The fuel is the problem, not the distance. If you didn't have to bring the fuel with you, sending a 400 kg payload to Proxima Centauri and putting it in orbit around the most Earth-like planet would require a few years' acceleration at a modest 1g, a maximum speed of 0.4c (four-tenths of light-speed, so no major relativistic effects), and a few years' deceleration at the far end. It would arrive in around 20 years.
So along comes Dr. James Woodward, who published his first peer-reviewed article on the Mach effect in 1990, and Dr. Heidi Fearn, his colleague at California State University, Fullerton. They worked on the theoretical physics of the Mach effect, they built miniature models of a space drive that doesn't need to burn a propellant and tested them, and gradually the space community began to take them seriously.
I'd explain the Mach effect in greater detail, but I barely understand it myself. Suffice it to say, their MEGA drive uses electricity to produce mass fluctuations within a block of metal, which in turn propels the drive forward without burning fuel. What is it pushing against? All the rest of the mass in the universe.
This isn't a sure thing. There is still controversy over whether the "push" is real, or just an electrical or magnetic effect that creates a false positive. But NASA is willing to spend money on it, and a lot of other scientists are now following up on Woodward's and Fearn's work.

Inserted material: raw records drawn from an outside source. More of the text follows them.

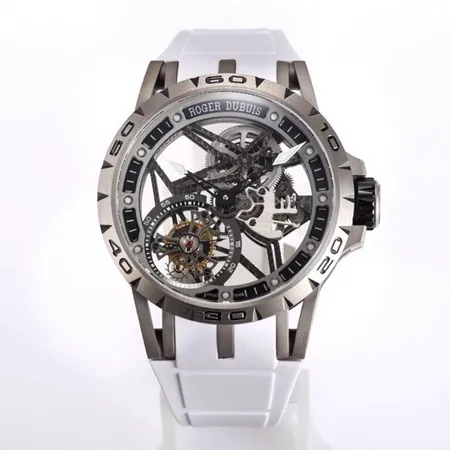 ロジェ・デュブイ 腕時計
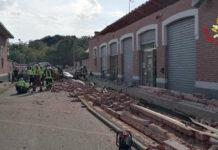 Si stacca cornicione, muoiono mamma e bimbi di 15 mesi e 5 anni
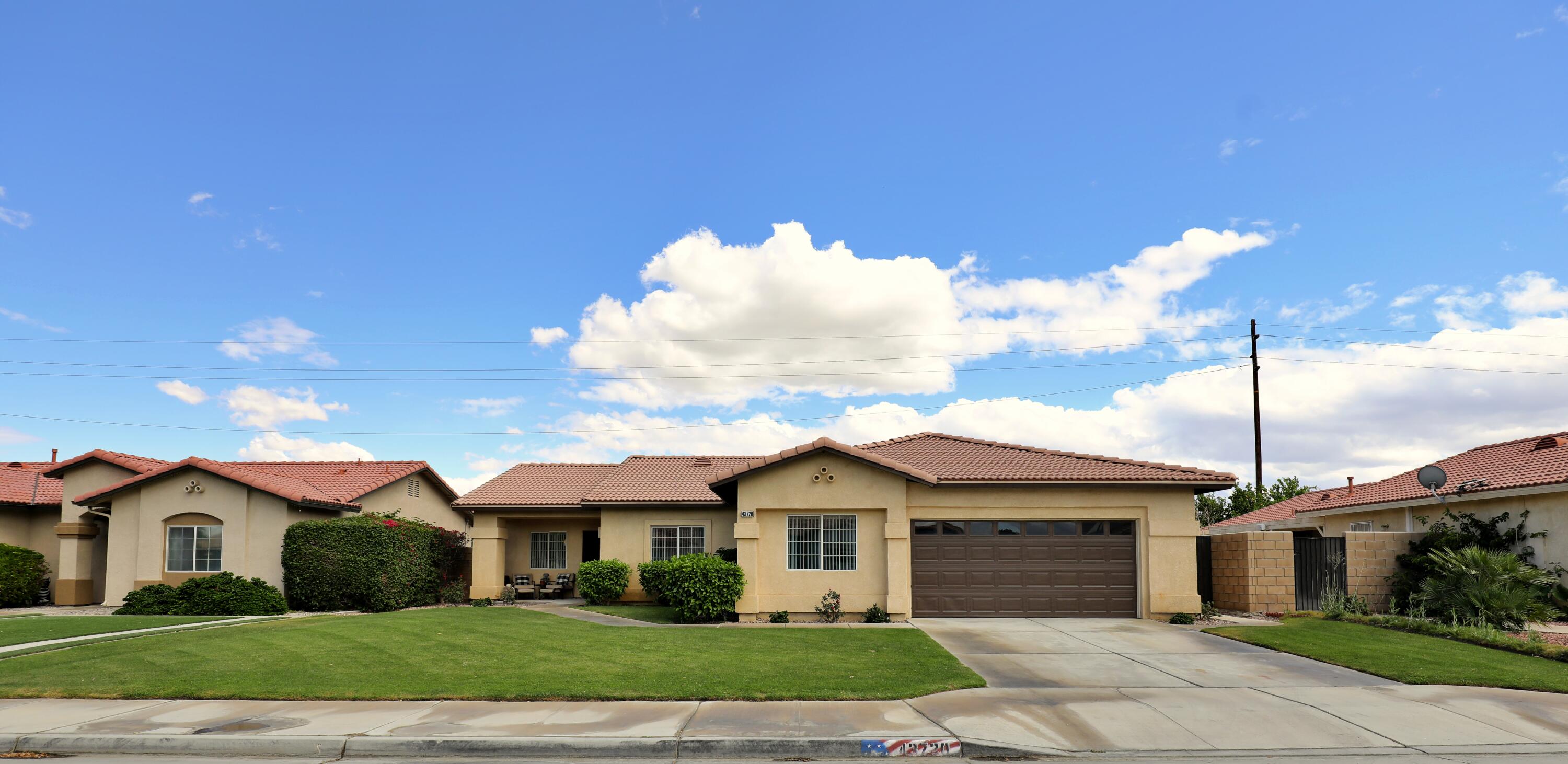 43720 Reclinata Way Indio, CA 92201 - Photo 2 of 24 3Q8A3123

It would open the doors to the rest of the universe for us. Exploration, colonization, unlimited resources, perhaps contact with other intelligences ― all of that becomes much more possible than it would be if we must remain forever confined to this one small planetary system. And of course it would make getting around this system a great deal easier: the Moon in four hours, Mars in 2-5 days, Jupiter in 7-8 days.